Imagine a 15th-century cobbler in Varanasi — a man from a community considered untouchable by the society of his time — composing hymns of such spiritual depth and beauty that they were included in the holiest scripture of Sikhism, the Guru Granth Sahib.

No royal patronage. No privilege. No formal education in the conventional sense.

Just faith, truth, and a courage so quiet and so steady that it outlasted every wall built to contain him.

This was Sant Ravidas — and nearly 600 years after his birth, his words are still being sung, his message is still being debated, and his name is still being spoken with the kind of reverence usually reserved for those who changed the world. Because he did.

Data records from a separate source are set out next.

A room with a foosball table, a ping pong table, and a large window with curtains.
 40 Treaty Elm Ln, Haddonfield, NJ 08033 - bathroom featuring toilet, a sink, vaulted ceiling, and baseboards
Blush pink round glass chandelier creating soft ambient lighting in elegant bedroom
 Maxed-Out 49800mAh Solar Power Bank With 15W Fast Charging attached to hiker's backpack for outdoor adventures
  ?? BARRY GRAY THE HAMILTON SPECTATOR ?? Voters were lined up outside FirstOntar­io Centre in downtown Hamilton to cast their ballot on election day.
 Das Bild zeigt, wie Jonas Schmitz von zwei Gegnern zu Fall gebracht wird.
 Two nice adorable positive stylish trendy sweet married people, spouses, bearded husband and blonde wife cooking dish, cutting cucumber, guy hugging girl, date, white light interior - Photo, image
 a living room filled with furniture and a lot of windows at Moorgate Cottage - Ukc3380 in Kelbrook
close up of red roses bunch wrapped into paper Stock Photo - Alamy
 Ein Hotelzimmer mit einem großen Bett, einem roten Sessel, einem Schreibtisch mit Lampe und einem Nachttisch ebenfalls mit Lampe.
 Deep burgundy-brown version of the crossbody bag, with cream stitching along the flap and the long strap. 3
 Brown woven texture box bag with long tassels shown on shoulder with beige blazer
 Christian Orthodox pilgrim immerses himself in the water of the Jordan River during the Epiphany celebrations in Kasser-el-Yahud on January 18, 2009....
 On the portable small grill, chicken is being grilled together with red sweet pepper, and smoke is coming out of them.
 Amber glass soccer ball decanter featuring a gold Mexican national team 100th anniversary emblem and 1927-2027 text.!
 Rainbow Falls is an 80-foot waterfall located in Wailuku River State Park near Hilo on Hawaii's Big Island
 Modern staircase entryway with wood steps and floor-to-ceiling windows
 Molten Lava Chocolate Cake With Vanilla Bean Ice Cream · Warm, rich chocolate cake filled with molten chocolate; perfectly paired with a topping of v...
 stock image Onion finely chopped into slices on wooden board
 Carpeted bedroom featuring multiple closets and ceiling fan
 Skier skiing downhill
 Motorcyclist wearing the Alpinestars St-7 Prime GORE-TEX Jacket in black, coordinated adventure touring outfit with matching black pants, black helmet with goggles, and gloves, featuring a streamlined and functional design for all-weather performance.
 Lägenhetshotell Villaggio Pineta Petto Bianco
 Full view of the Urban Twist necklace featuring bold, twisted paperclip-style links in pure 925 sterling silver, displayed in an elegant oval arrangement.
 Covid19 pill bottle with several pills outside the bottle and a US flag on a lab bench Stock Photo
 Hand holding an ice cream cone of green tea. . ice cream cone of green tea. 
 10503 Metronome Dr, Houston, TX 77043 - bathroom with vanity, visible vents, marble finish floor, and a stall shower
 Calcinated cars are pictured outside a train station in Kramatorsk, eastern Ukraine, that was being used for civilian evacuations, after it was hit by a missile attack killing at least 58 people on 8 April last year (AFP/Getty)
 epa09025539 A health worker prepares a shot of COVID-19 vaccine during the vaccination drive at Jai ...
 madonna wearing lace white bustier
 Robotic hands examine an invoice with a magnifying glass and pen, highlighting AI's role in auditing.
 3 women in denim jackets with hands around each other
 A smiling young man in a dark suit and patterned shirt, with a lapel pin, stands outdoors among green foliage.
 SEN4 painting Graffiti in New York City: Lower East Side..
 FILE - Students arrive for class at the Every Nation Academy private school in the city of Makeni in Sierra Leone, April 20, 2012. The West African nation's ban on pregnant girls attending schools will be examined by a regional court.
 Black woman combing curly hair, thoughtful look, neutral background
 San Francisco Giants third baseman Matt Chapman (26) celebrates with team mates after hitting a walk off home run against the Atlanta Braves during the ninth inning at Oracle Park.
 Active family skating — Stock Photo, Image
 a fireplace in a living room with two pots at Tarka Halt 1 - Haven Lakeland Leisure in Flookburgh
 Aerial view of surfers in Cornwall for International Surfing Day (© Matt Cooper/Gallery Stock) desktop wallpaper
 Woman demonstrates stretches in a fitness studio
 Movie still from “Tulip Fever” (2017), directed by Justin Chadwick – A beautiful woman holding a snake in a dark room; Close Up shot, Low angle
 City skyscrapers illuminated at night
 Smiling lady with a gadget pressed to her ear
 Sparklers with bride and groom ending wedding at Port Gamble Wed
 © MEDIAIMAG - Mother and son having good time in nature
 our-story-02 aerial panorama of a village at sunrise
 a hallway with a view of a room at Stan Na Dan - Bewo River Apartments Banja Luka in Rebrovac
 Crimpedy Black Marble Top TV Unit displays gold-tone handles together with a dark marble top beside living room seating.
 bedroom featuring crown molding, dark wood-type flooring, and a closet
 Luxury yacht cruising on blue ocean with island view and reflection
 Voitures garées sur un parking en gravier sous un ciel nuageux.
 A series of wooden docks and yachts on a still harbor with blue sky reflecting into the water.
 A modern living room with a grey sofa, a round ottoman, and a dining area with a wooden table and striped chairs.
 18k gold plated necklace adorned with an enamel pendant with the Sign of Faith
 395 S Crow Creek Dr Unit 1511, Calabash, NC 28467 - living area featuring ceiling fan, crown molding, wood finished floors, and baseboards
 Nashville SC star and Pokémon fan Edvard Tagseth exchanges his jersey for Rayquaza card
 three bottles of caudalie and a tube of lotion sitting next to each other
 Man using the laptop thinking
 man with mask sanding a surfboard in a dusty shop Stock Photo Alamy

Guru Ravidas Jayanti — the celebration of his birth anniversary — is observed by millions across India and in Sikh and Ravidassia communities worldwide. It is not merely a religious occasion. It is a day to remember that the most powerful voices in history have not always come from palaces. Sometimes they come from workshop floors, from the margins, from the people that society tried hardest to ignore.

This guide covers everything about Guru Ravidas Jayanti 2026 — who Guru Ravidas was, his core teachings, how the day is celebrated, and why his message feels more urgent today than ever.

 

When Is Guru Ravidas Jayanti 2026?

Guru Ravidas Jayanti is observed on the full moon day — Purnima — of the Hindu month of Magha, which usually falls in January or February.

Guru Ravidas Jayanti 2026 Date: February 12, 2026

This day coincides with Magha Purnima, one of the most spiritually significant full moon nights in the Hindu calendar — the same moon under which pilgrims take their final holy bath at Magh Mela in Prayagraj. That this day falls during the month of Magha, a period traditionally associated with purification and spiritual renewal, feels entirely fitting for a saint whose life was itself an act of inner purification.

 

Who Was Guru Ravidas? A Life That Defied Every Boundary

Sant Ravidas was born in the 15th century — most historians place his birth between 1450 and 1520 CE — in the village of Seer Goverdhanpur near Varanasi, Uttar Pradesh. He was born into the Chamar community, a leatherworking caste that occupied the lowest rungs of medieval Indian society.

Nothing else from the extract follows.